It all boils down to language. The plaintiff in the Missouri case cited the Federal Trade Commission’s 2012 “Guides for the Use of Environmental Marketing Claims,” known as the “Green Guides,” particularly the statement that marketers “should not state or imply environmental benefits if the benefits are negligible.” The plaintiff also quoted the FTC’s indication that “marketers should not make unqualified general environmental benefit claims” and that “to avoid deception, marketers should use clear and prominent qualifying language that limits the claim to a specific benefit or benefits.” But the Missouri judge ruled that H&M had toed the line, stating in his decision, “H&M does not represent that its products are ‘sustainable’ or even ‘more sustainable’ than its competitors’. Rather, H&M states that its conscious choice garments contain ‘more sustainable materials’ and that the line includes ‘its most sustainable products.’”
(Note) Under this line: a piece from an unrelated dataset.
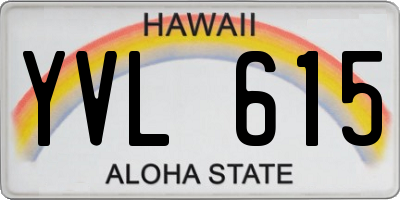 HI license plate YVL615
“It’s hard to prove someone is greenwashing, and it may be easy to say you’re not when there is no objective standard.”

Hilary Jochmans

PoliticallyInFashion founder


The decision illustrates the current legal landscape around environmental claims.

“There is not a legally-binding definition of what greenwashing is at the federal or the state level,” said Hilary Jochmans, the owner of a government affairs consulting firm and the founder of PoliticallyInFashion, a Washington, D.C.-based platform for engaging fashion industry players in regulatory issues. “It’s hard to prove someone is greenwashing, and it may be easy to say you’re not when there is no objective standard.”

But the FTC rules may soon have tighter language, making it harder for advertisers to make unsubstantiated claims. In December 2022, the FTC announced that, for the first time in more than 10 years, it would be revising the Green Guides

Creating green guardrails

“Since the FTC last updated the Green Guides in 2012, the scope of environmental claims has expanded and so too has the potential for deceptive advertising,” Lauren Carey, an attorney at the Missouri-based law firm Lewis Rice, wrote in an email to Fashion Dive. “The Green Guides do not currently address a number of ‘green’ claims that have become more prevalent in the fashion industry and beyond, including claims such as ‘sustainable,’ ‘organic,’ ‘ecofriendly,’ ‘carbon neutrality,’ and ‘upcycled.’”

The FTC has asked for feedback on terms often used in sustainability-related advertising or labeling, including “net zero” or “recyclable.” It also asks whether the Commission should “revisit” the term “sustainable” itself. In 2012, it “determined it lacked a basis to give specific guidance on how consumers interpret ‘sustainable’ claims.’”  

Defining this ubiquitous term is crucial, said Jochmans. PoliticallyInFashion led a call to action in 2021 asking the FTC to update the guides. Without “guardrails” on the term “sustainable,” jaded consumers will stop buying sustainable products, she said. 

“The more you see the term, but there’s nothing there to back it up, you start to think, well what does this really mean?” Jochmans said. “I’m paying a premium for this, I’m doing a lot of due diligence to buy something that’s sustainable, but there’s no ‘there’ there. Forget about it, I’m just going to buy what I want to buy, and the pendulum is going to swing back. I think we’re at that tipping point right now.”